Mar 17, 2024 • 5 min read

We introduced the Reranker API two weeks ago, establishing it as a leading reranking solution in the market. Jina Reranker outperforms popular baselines in various benchmarks, demonstrating a significant increase of up to +33% in hit rate over BM25 results. While the performance is impressive, what really excites me is the potential of the Reranker API. Its straightforward interface allows input of a query-doc list and outputs directly the reranked top-k results. This means that, in theory, one could build a search or recommendation system using solely the Reranker—eliminating the need for BM25, embeddings, vector databases, or any pipelines, thus achieving end-to-end functionality.

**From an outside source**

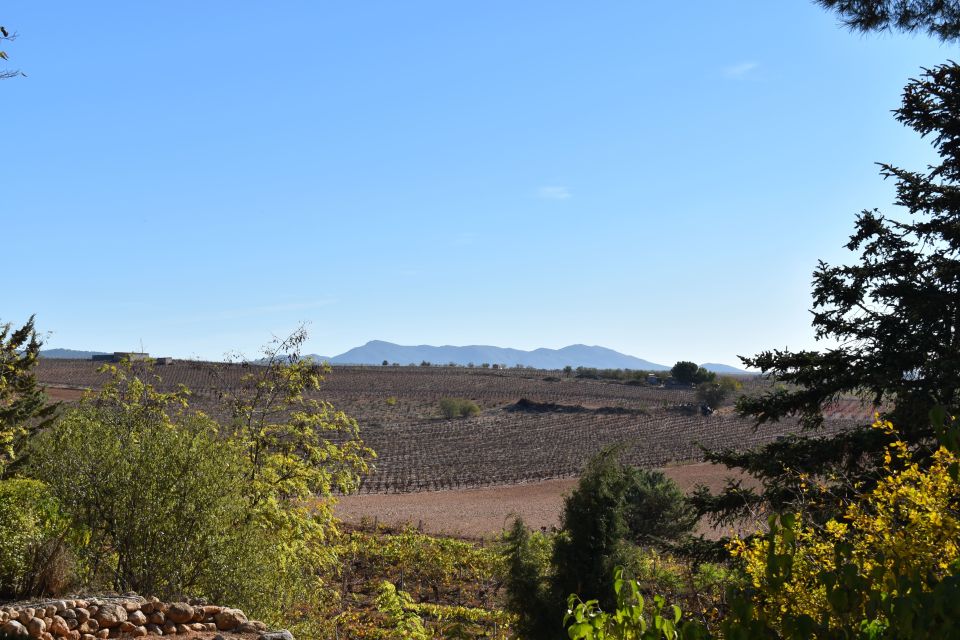 From Valencia: Guided Cheese Factory Tour with Wine Tasting - Who should book this, and who should skip it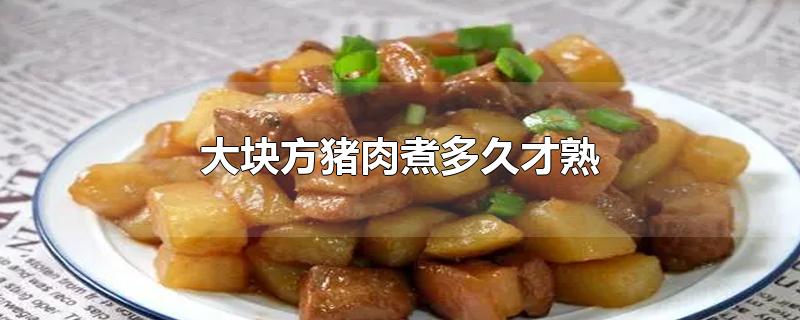 大块方猪肉煮多久才熟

This concept intrigued me so much that I felt compelled to experiment it. So there you go: now navigating to any news page of our website, such as the one you're currently reading, press the @ key and click on the "get top 5 related articles" button, you'll receive the five articles most relevant to the current one within about 5 seconds, using the jina-reranker-v1 model (slightly longer for the jina-colbert-v1 model). All computations are performed online and managed entirely by the Reranker API. Below is a video demonstration of how it functions:

0:00

/0:33

To run this demo, you will need an API key with enough tokens left. If you exhaust your quota and cannot run the demo, you can generate a new key at https://jina.ai/reranker. Each new key comes with 1 million free tokens.

Implementation

The implementation is very simple: to find the most related articles of an given article on jina.ai/news/, we use the article currently being read as the query and all other 230+ articles (using their full-text!) on our news site as the documents, excluding the current one of course. Then we send this $(q, d_1, d_2, \cdots, d_{230})$ as the payload to the Reranker API. Once the response is received, we use the sorted document index to display the results. Thus, the underlying code is as follows:

const getRecommendedArticles = async () => {
  
  const query = `${currentNews.title} ${currentNews.excerpt}`;
  const docs = newsStore.allBlogs.filter((item) => item.slug !== currentNews.slug);
  
  const data = {
    model: modelName,
    query: query,
    documents: docs,
    top_n: 5,
  }

  const rerankUrl = 'https://api.jina.ai/v1/rerank';
  const headers = {
    'Content-Type': 'application/json',
    Authorization: `Bearer ${apiKey}`,
  };
  const modelName = 'jina-reranker-v1-base-en';
  
  const res = await fetch(rerankUrl, {
    method: 'POST',
    headers: headers,
    body: JSON.stringify(data),
  });

  const resp = await res.json();

  const topKList = resp.results.map((item) => {
    return docs[item.index];
  });

  console.log(topKList);
}

To obtain an API key, simply visit our Reranker API page and navigate to the API section. If you already possess an API key from our Embedding API, you can reuse it here.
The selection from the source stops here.